I bought one gallon rhizomes from Lacy Creek last year, and then bought 1/2 gallon rhizomes this year. I also bought 3" plugs last year in mid summer when on sale from Santa Rosa Gardens in Florida.

The gallon rhizomes sent up about 5 shoots the first year. The half gallon shoots only sent up one or two shoots the first year. The 3" pots believe it or not outproduced these in year two when watered in the garden, but when sparsely watered in the field, they didn't produce well and nearly died. The rhizomes did ok when sparsely watered in the field.

This picture is the 3" pots watered in the garden. The second year they produced 15 shoots and are 7 feet tall in mid July.

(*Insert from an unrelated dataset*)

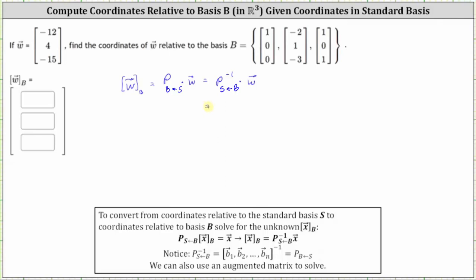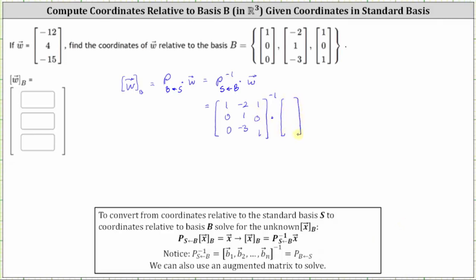And the inverse of the transition matrix from B to S is equal to the inverse of the matrix formed using the basis vectors in set B. So we need to find the inverse of the three by three matrix where the first column is the first basis vector [1, 0, 0], the second column is [-2, 1, -3], and the third column is [1, 0, 1], times the coordinates of vector W relative to the standard basis, which we know are [-12, 4, -15].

These were the gallon rhizomes from Lacy Creek in the garden:


----------



## StevenJ (Feb 11, 2009)

Michigan State is growing some giant miscanthus on the east side of campus at Hagadorn and Hannah roads. that makes a nice screen.


----------



## HD69 (Apr 20, 2012)

Thanks 4 the pics SJ I wish I could water them a couple times a week but I planted them at my hunting property that is hour and half from where I live. I have watered them a couple times when i've been up workn on food plots. They seem 2 be holding there own but I was'nt really sure what 2 expect. They're about 2 to 3 ft tall mainly single shoots some have 2 or 3. Some of them never came up at all, could of been operator error on the planting!! I plan on filling in the gaps and maybe triangulating 2 make the screen more of a wall. This little bit of rain we got will help but man we sure could use some more!!!!


----------